Digital Disruption and the European Super League in Football

Sunday night was unveiled that twelve powerful football clubs across Europe – six of them from the English Premier League {Liverpool; Manchester City; Manchester United; Arsenal; Chelsea; and Tottenham} would break away and form a new European Super League in football (The Guardian, 2021a). While most of the analyses on the media are concentrating on upcoming legal battle with UEFA and FIFA – and with EPL in England – or the public outcry from football supporters across the continent (The Guardian, 2021b), and even how politicians such as the British Prime Minister Boris Johnson and the French Prime Minister Emmanuel Macron are opposing it (The Independent, 2021; Reuters, 2021), what I want to do in this post is to use the theory of digital disruption to understand the rationale behind this breakaway league (for a financial-only point of view see David Conn here).

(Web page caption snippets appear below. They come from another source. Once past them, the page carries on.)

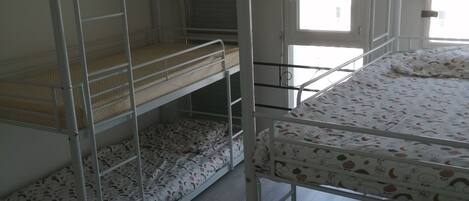 Un dormitorio con literas, una ventana y una puerta.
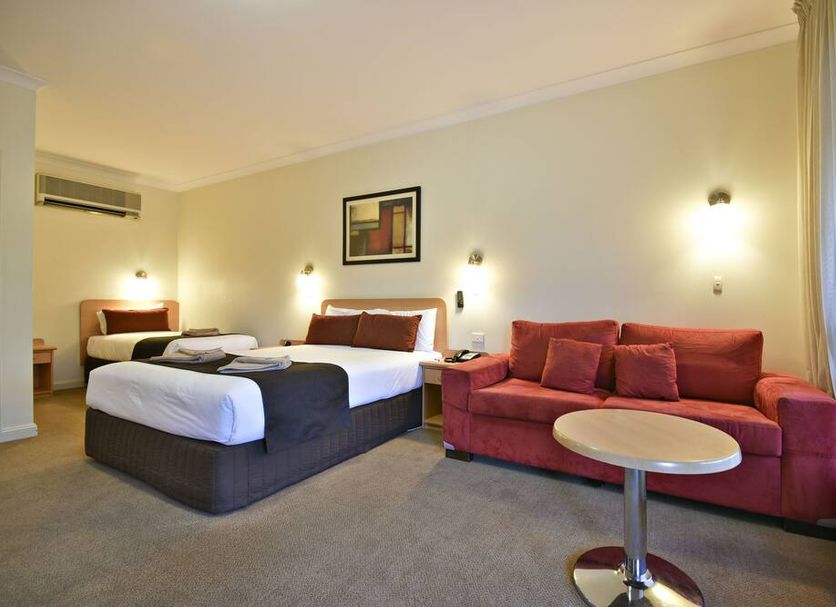 Abel Tasman Motor Inn in Dubbo, twin beds with red sofa and round table in a guest room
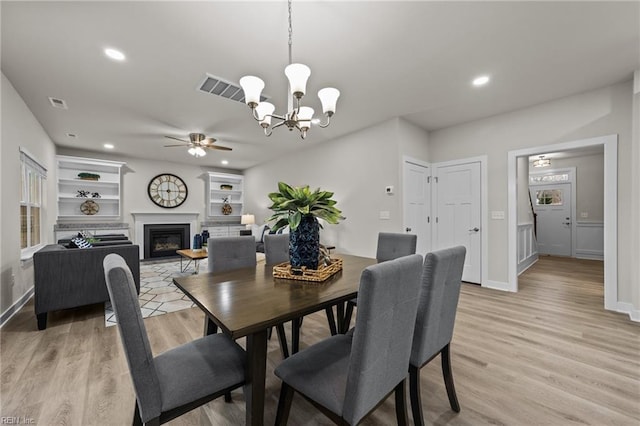 3231 Taylor Rd, Chesapeake, VA 23321 - dining room featuring a ceiling fan, light wood finished floors, a chandelier, recessed lighting, and a glass covered fireplace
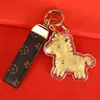 Fique Rico Imediatamente Chaveiro de Ouro Desenho Animado Zodíaco Chave de Carro Pingente Dourado Casal Ornamento Fofo Venda por Atacado de Fábrica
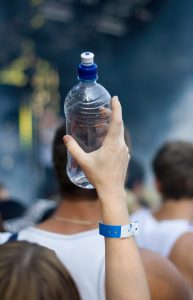 "Stock photo of water bottle at a rock concert or music festival, editorial style narrow depth of field."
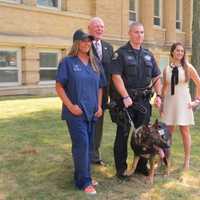 <p>New Rochelle residents Jennifer Ubl and Jessica Levine with Police Commissioner Patrick Carroll and K9 Officer Matthew Glass.</p>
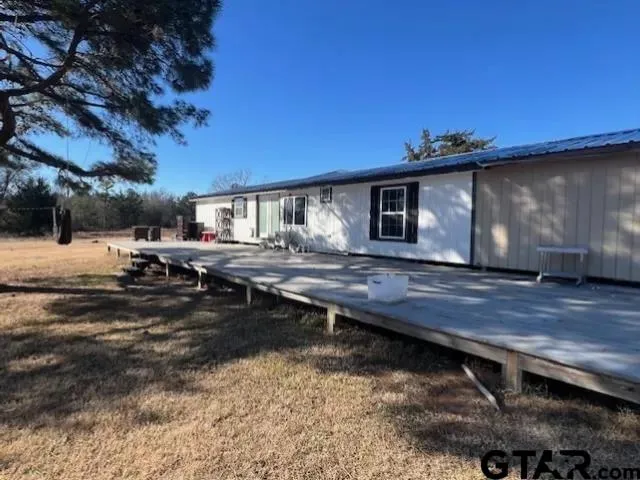 a view of house with wooden floor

On a traditional linear media model quality content was conceived more of a means to an end – such as reaching particular audiences – for media conglomerates as broadcasting scarcity dictated that the power resided on who controlled the means of distribution (the medium) (see Hutchins and Rowe, 2012). In a digital plenitude scenario where the so-called digital revolution has sparked transformations and blurred the lines between producers, audiences, publishers and distributors, controlling the content becomes even more important as accessibility is pulverised across multiple digital platforms. In a way, the power balance now resides on who owns or control the content rather than on who can distribute it.

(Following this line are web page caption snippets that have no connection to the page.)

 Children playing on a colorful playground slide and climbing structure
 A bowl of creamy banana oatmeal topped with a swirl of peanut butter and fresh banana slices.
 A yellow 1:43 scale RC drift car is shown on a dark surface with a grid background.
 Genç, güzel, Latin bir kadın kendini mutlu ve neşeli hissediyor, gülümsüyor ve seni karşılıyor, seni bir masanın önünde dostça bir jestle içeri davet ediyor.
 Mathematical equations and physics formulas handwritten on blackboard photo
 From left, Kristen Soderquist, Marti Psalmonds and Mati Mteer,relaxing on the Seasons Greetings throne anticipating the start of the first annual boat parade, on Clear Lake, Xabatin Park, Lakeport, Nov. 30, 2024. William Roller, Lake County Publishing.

If we look at professional football the content – the games, players, drama, special moments, etc – is actually created by clubs. As such, football clubs are content creators as much as social media influencers are on Instagram, YouTube, Twitch. Thus, the creation of a breakaway European Super League is the realisation by football clubs that there are increasing digital business opportunities in taking back control of their own content. In a way the EPL, UEFA and FIFA are seen as further intermediaries who are taking cuts of the content created by the clubs.

Digital transformation not only means that content producers do not need intermediaries such as traditional media outlets to distribute their content to audiences, but above all means that content producers do not need any intermediaries to connect to advertisers. At the end of the day the traditional role of mass media was of being the conduit between content producers (mostly themselves according to Daniel Boorstin), audiences, and advertisers; whilst now with the disruptions caused by digitalisation that gatekeeper role performed by traditional media seems to be eroding.

Above all, what those football clubs are gambling on when proposing to form a breakaway European Super League is that they do not only control the content, but that by owning the content they do also own the audience – their loyal supporters. To certain extent quality content equals loyal audience, and a loyal audience that generates multiple data points is a gold mine for advertisers.

So, what the football clubs are doing is tightening even more the grip on supporters loyalty by squeezing the last ounce of information they can get so to sell it directly to advertisers.

Let’s see what will be the outcome of all this conundrum. But, ultimately there are no saints in all this: they are all capitalists fighting for individuals’ data.